Erstellt am 08. April 2016, 01:54

von NÖN Redaktion

„Bester Abschluss in der Stadtgeschichte“. Freude bei Stadtführung über gute Werte bei Rechnungsabschluss 2015. Babler: „Größte Schuldenreduktion der Geschichte.“

Andreas Babler freut sich mit Finanzverwaltungsleiter Gernot Kutusow und Markus Bartlweber über den guten Rechnungsabschluss.

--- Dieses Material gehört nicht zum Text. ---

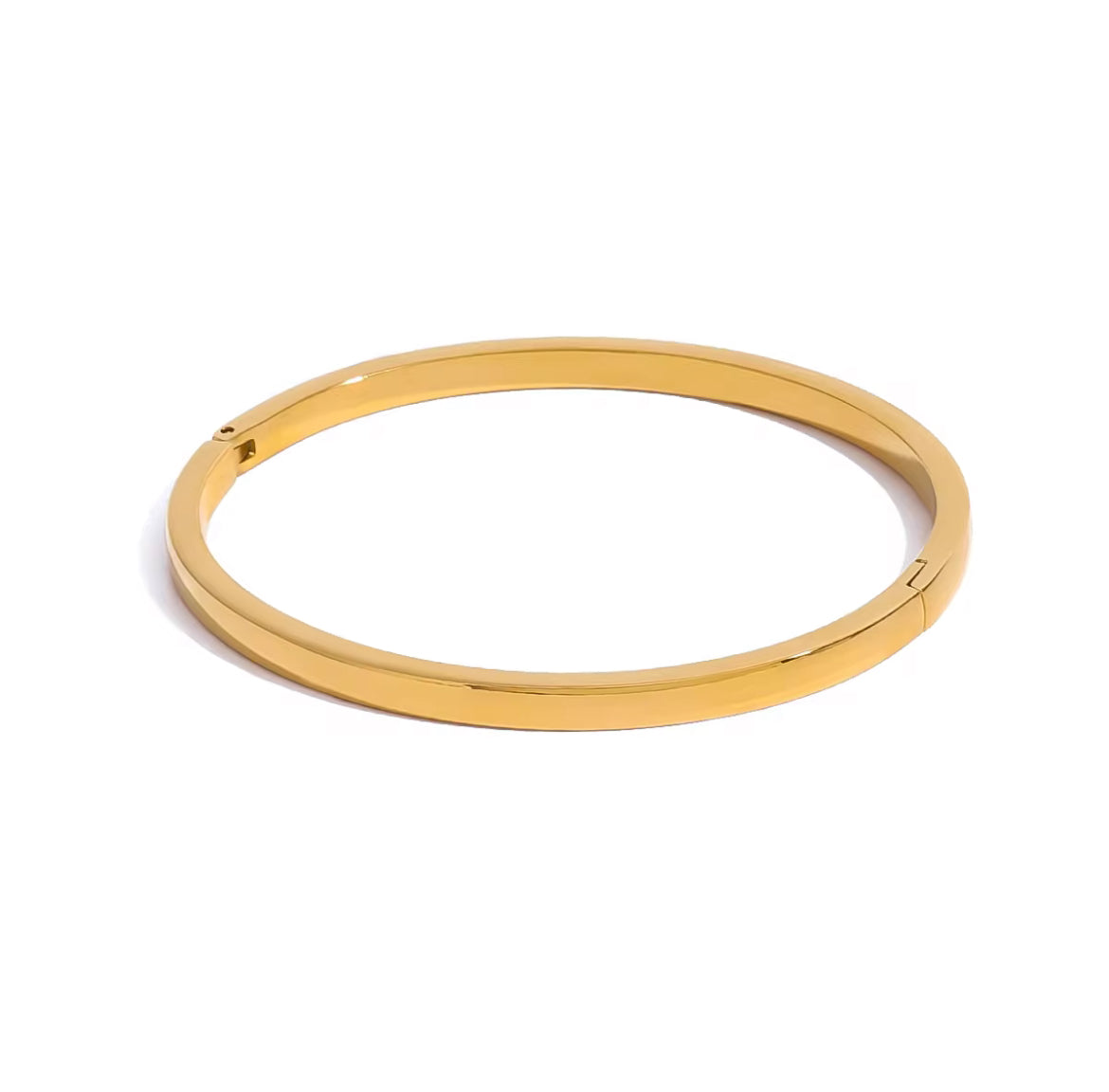 Gold bangle on a white background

Letzterer präsentierte auch die Bilanz der Traiskirchner Betriebsstättenverwaltung, die ebenfalls ein positives Ergebnis von 628.000 Euro erzielte.  |  NOEN, Fussi

Bürgermeister Andreas Babler, SPÖ, freut sich, einen erfolgreichen Rechnungsabschluss präsentieren zu können: „Insgesamt wurde der Trend seit meiner Amtsübernahme vor nicht einmal zwei Jahren fortgesetzt und wir haben in diesem Zeitrahmen die größte Schuldenreduktion der Stadtgeschichte bei gleichzeitigem Höchststand der Rücklagen.“

Auch der Bereich der „freien Finanzspitze“ von 4 Millionen Euro habe sei „sensationell“, so Babler. „Gleichzeitig hat die Stadt im Vergleich zu anderen vergleichbaren Kommunen eine außerordentlich niedrige Personalquote von unter 20 Prozent der Einnahmen des ordentlichen Haushaltes.“

ÖVP und FPÖ stimmen dem Abschluss nicht zu

Bürgermeister Babler ist stolz, dass Traiskirchen audgrund der guten Werte zu den stabilsten Städten im Land zähle und auch in der Bewertung im „offenen Haushalt“ des KDZ einen Rekordwert von 1,66 im Jahr 2014 erreichte. „Für 2015 wird sich dieser Wert noch weiter verbessern“, ist sich Babler sicher – „somit haben wir eine solide Grundlage für die kommenden Arbeitsjahre und Generationen geschaffen“.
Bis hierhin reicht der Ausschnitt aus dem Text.